インベスコ・アセット・マネジメントは2026年6月29日、世界のソブリン投資家 (政府系ファンド・中央銀行)144機関を対象とした第14回グローバル調査結果を発表しました。調査対象機関の運用資産合計は約29兆ドル (およそ4,600兆円)。ETF活用やインフラ投資、AI導入の動向など、個人投資家にとっても学べる視点が含まれます。出典はPR TIMES

「世界の機関投資家がいま何に投資しているのか」を知ることは、新NISAで何を選ぶかの参考になります。ゆるふえとしては、個人投資家が見て役立つ4つのデータ を取り出して整理します。


調査の前提

数値の整理

  • 調査機関: インベスコ・アセット・マネジメント
  • 発表日: 2026年6月29日
  • 対象機関数: 144(政府系ファンド90 + 中央銀行54)
  • 運用資産合計: 約29兆ドル
  • 調査名: Invesco Global Sovereign Asset Management Study 2026

ソブリン投資家 (政府系ファンド・中央銀行・年金基金)は長期視点で運用するため、短期の値動きではなく、何に・どれくらい配分しているか の構造が個人投資家の参考になります。


個人投資家が見るべき4つのデータ

1. ETF活用率は機関全体で39%

ソブリン投資家のうちETFを活用している割合は以下の通りです。

機関種別 ETF活用率
投資型ソブリン 58%
債券型ソブリン 53%
中央銀行 31%
開発型ソブリン 24%
全体平均 39%

ETF (上場投資信託、株式と同じように売買できる投資信託)は機関投資家にとっても主要な投資手段になっています。
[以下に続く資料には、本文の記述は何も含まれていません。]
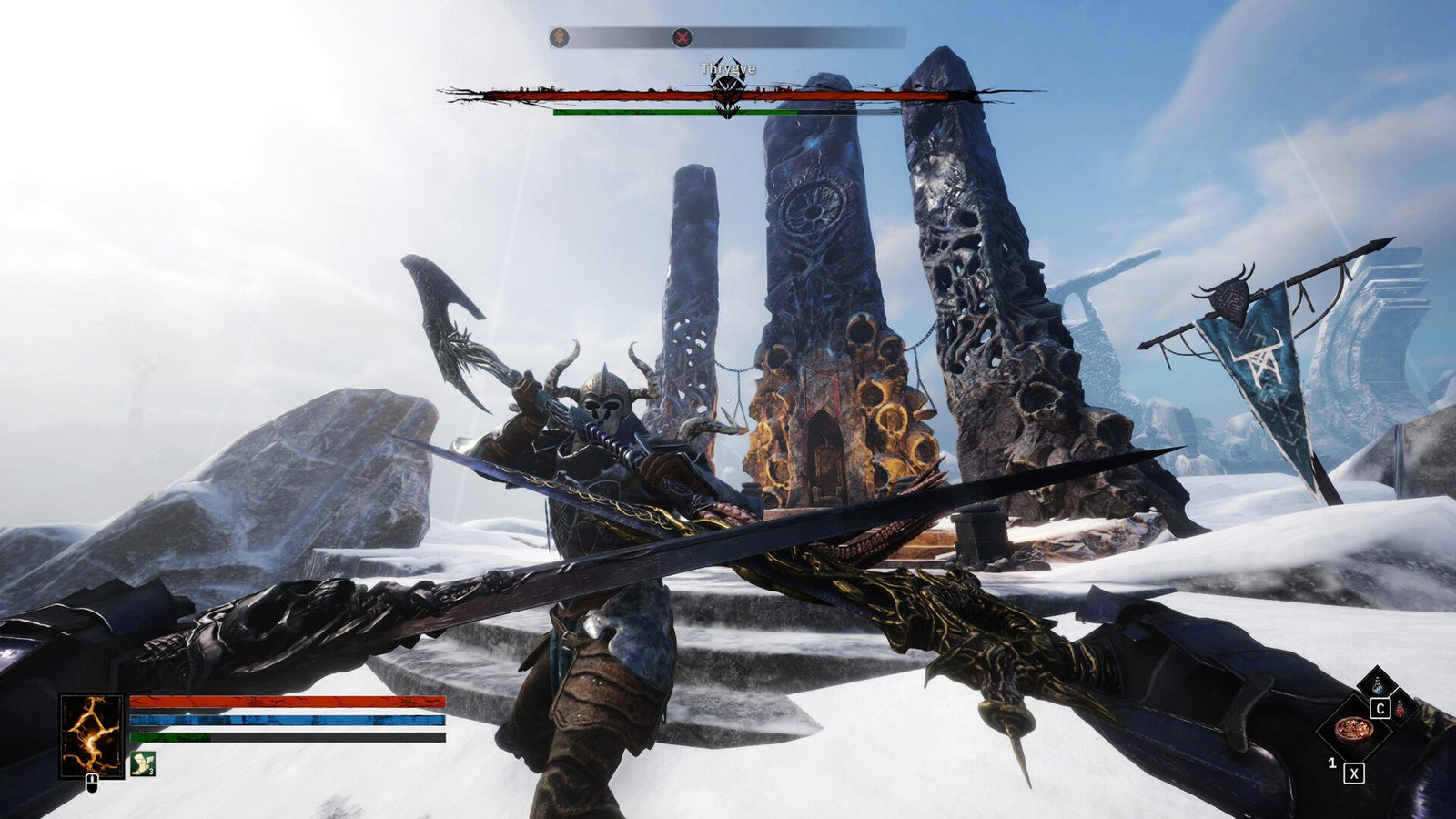 Tainted Grail: The Fall of Avalon — image 6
新NISAで投資信託やETFを選ぶ判断の後押しになる数字です。

2. インフラ投資比率は4.9% → 9.0%へ倍増

ソブリン投資家のインフラ投資比率は、2022年の4.9%から2026年は9.0% へ拡大しました。エネルギー安全保障を「最も信頼できるレジリエンス(耐久性)テーマ」と回答した割合は80%にのぼります。
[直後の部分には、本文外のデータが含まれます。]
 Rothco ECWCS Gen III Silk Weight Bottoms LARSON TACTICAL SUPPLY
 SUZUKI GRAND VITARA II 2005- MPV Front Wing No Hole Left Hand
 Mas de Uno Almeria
個人投資家が直接インフラに投資するのはハードルが高いですが、インフラ系のテーマ型ETF・投資信託 や、電力・通信・鉄道などの安定配当銘柄 を組み入れる選択肢があります。

\ 自分に合う口座を3秒で見つける /

おすすめ証券口座を見る

3. AI活用は2024年33% → 2026年69%

ソブリン投資家のうちAIを投資プロセスに活用している割合は、2024年の33%から2026年は69% へ急増しました。AIを「変革をもたらす技術」と認識する機関は77%です。
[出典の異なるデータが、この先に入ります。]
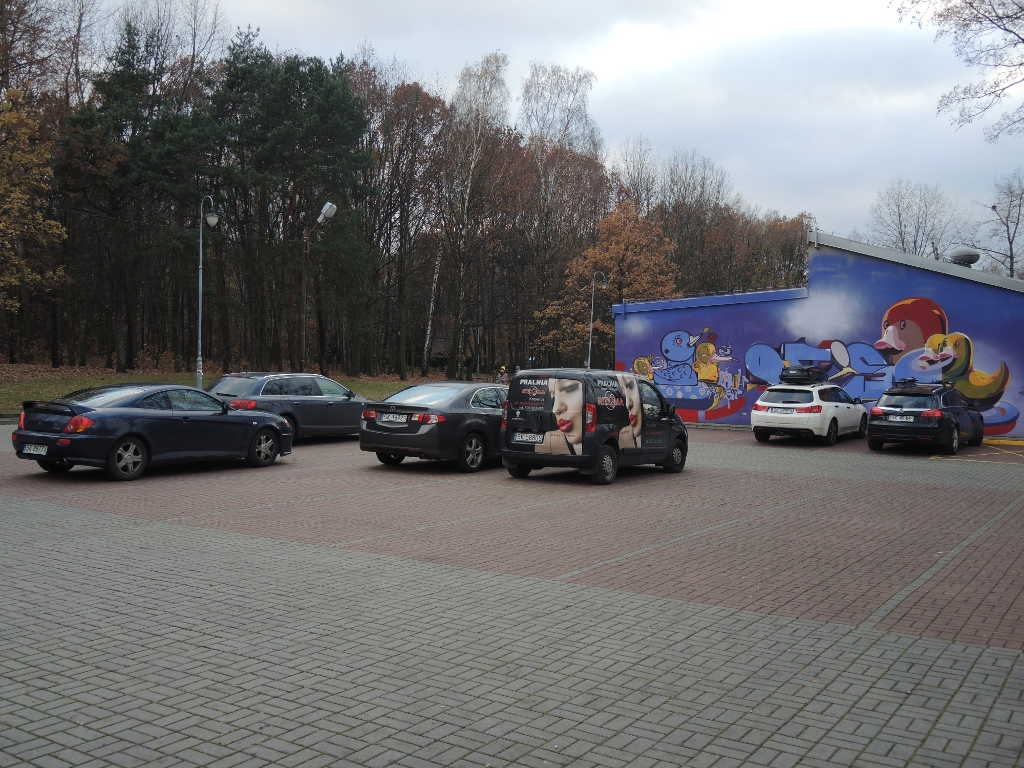 Co dalej z Parkiem Zadole? Plany są ambitne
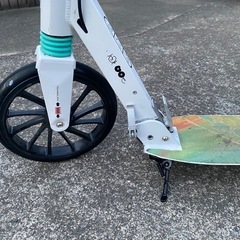 Sunpie キックスケーター/キックボードの画像
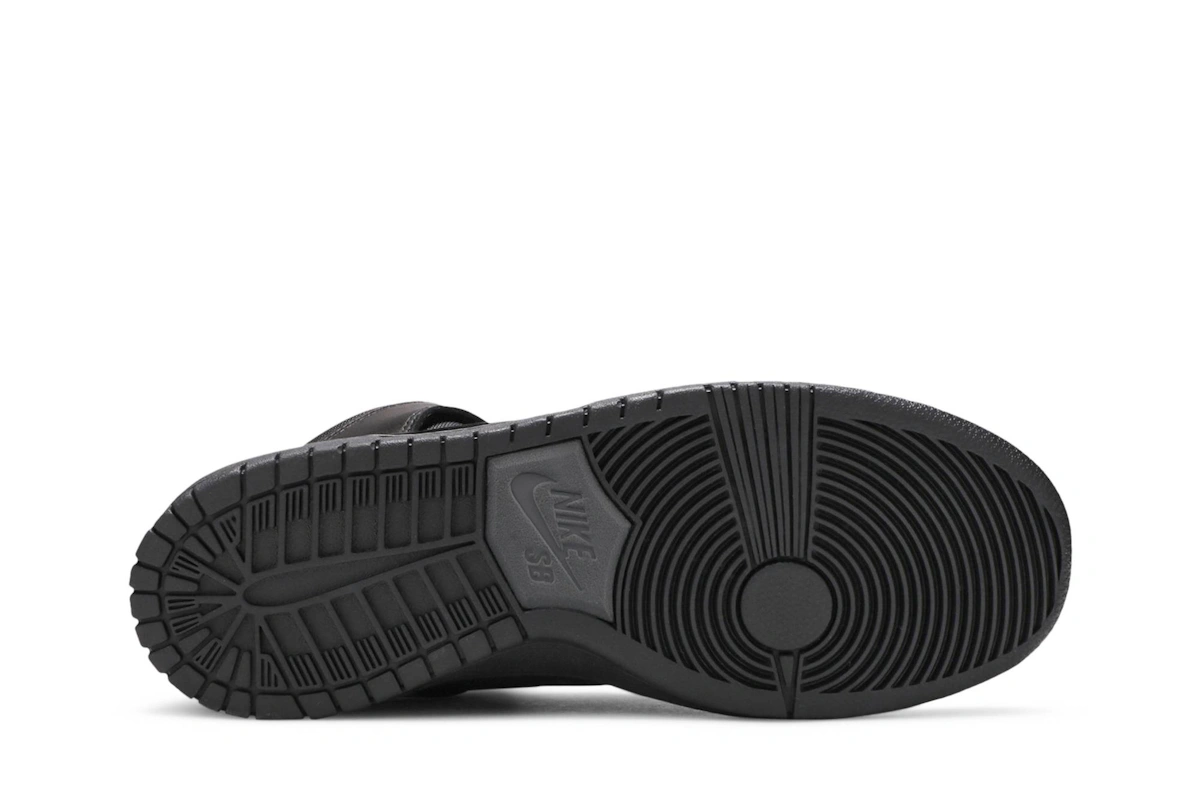 Nike SB Dunk High Pro 'Bota' 923110-001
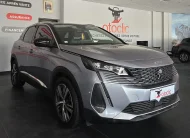 Peugeot 3008 2.0 HDi150 EAT8 Allure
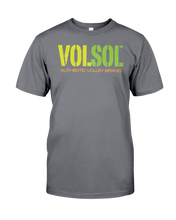 Volsol Authentic Tee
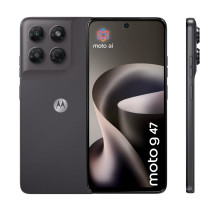 MOTO G47 5g 8 / 128 PANTONE IMPENETRABLE 108 MP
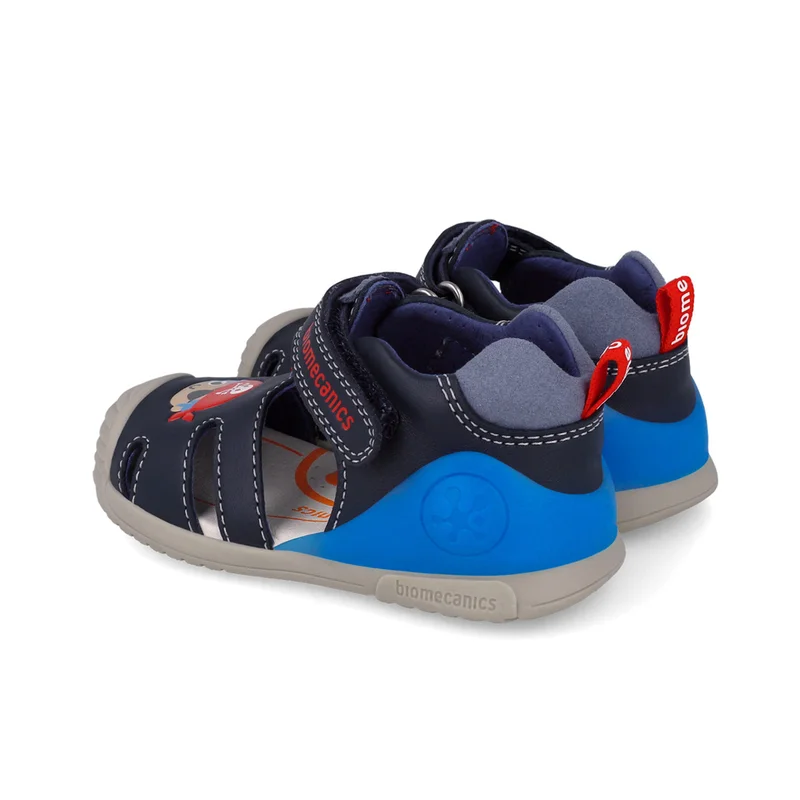 Biomecanics Biomecanics Boys First Steps Sneakers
AI関連株を直接買う前に、自分のポートフォリオで米国株インデックス(S&P500等)にAI関連の主要銘柄が含まれている ことを思い出すと、過度な個別株偏重を避けられます。

4. 中央銀行の3分の1超が金保有を拡大方針

中央銀行のうち3分の1超 がゴールド保有を拡大する方針と回答。インフレヘッジを重視する割合は2024年の35%から72% へ大きく上昇しました。

個人投資家にとっての金は、ポートフォリオの数%を上限 に組み入れる選択肢があります。金鉱株ETF・金連動ETF・純金積立など、複数の手段があります。


何を考えればよいか(保有銘柄カテゴリ別)

  1. 新NISAで米国株インデックス積立中の方 : ETFを活用するソブリンが約4割。投資信託に加えてETFも検討する余地あり
  2. 配当株中心の方 : ソブリンが注目するインフラ・エネルギーは安定配当銘柄と相性がよい。電力・通信・鉄道の点検が有効
  3. オルカン(全世界株)積立中の方 : 機関投資家のリスク分散の発想と方向性が一致。配分の偏りが少ない強み
  4. 手元現金が多い方 : ソブリンの3分の1超が金保有を拡大する方針。一部を金関連に分散する選択肢もある
  5. これから始める方 : 機関投資家がリスク分散・長期視点を重視している事実は、新NISAでの積立スタンスを後押しする

まとめ

  • ソブリン投資家144機関の運用資産は約29兆ドル、ETF活用率は全体で39%
  • インフラ投資比率は2022年4.9%から2026年9.0%へ倍増、エネルギー安全保障が重視テーマ
  • AI活用は機関の69%、中央銀行の3分の1超が金保有を拡大する方針

世界の機関投資家がどこに資金を置いているかは、個人投資家の配分判断のヒントになります。流行を追うのではなく、長期で安定したテーマに資金を分散している構造を参考にするのが、ゆるふえとしての受け止め方です。